-- Required action --
Among the entries below, find all lines that include "Game" and copy them.

(Brief descriptive captions)
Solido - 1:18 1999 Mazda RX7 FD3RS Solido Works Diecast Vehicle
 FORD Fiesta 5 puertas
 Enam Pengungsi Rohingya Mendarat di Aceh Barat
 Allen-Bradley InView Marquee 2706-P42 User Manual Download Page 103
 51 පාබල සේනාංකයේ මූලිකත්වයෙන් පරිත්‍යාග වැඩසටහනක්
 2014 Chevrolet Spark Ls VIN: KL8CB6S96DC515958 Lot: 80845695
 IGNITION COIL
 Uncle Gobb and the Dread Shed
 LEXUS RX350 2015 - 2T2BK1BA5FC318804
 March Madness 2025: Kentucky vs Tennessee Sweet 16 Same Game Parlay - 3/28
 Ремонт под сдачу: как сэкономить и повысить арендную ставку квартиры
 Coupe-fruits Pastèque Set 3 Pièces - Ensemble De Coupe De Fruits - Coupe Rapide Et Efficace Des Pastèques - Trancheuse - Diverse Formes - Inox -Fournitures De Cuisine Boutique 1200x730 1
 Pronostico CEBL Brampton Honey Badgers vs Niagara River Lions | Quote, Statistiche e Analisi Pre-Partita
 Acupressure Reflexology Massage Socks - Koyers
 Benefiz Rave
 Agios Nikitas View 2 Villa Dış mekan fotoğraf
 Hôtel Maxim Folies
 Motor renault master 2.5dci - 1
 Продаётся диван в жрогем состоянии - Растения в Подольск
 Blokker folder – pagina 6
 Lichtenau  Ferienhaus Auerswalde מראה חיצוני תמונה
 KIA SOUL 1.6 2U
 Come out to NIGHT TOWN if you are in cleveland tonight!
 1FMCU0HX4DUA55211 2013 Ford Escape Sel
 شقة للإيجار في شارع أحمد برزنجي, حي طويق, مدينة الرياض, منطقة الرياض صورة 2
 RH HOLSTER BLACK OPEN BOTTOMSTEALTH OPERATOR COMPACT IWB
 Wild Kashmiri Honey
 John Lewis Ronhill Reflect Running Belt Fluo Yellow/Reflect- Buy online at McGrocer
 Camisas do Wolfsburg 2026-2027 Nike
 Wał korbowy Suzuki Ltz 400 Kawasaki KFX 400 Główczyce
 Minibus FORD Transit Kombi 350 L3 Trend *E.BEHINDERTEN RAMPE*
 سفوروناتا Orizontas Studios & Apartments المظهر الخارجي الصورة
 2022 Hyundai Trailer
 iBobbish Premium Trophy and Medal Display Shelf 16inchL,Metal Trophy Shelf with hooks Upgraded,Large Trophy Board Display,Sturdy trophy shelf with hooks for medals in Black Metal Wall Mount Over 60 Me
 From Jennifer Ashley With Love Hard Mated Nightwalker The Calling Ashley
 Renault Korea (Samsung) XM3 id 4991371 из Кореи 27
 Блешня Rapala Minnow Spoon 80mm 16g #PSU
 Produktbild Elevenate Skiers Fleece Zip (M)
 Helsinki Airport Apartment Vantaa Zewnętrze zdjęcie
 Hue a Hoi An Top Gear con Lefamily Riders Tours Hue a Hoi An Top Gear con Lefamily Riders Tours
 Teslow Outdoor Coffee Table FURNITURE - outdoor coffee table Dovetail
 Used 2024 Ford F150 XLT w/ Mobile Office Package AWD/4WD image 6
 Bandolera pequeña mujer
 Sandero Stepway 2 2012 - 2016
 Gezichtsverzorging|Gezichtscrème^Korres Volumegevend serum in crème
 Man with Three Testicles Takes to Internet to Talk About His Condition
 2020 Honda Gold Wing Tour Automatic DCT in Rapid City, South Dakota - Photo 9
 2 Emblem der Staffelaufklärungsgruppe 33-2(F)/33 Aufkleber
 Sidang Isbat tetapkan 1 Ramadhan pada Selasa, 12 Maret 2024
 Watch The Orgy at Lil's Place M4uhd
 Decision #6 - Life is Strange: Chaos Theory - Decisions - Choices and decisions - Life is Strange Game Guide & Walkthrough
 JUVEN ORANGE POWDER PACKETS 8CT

-- Completed task --
 March Madness 2025: Kentucky vs Tennessee Sweet 16 Same Game Parlay - 3/28
 Decision #6 - Life is Strange: Chaos Theory - Decisions - Choices and decisions - Life is Strange Game Guide & Walkthrough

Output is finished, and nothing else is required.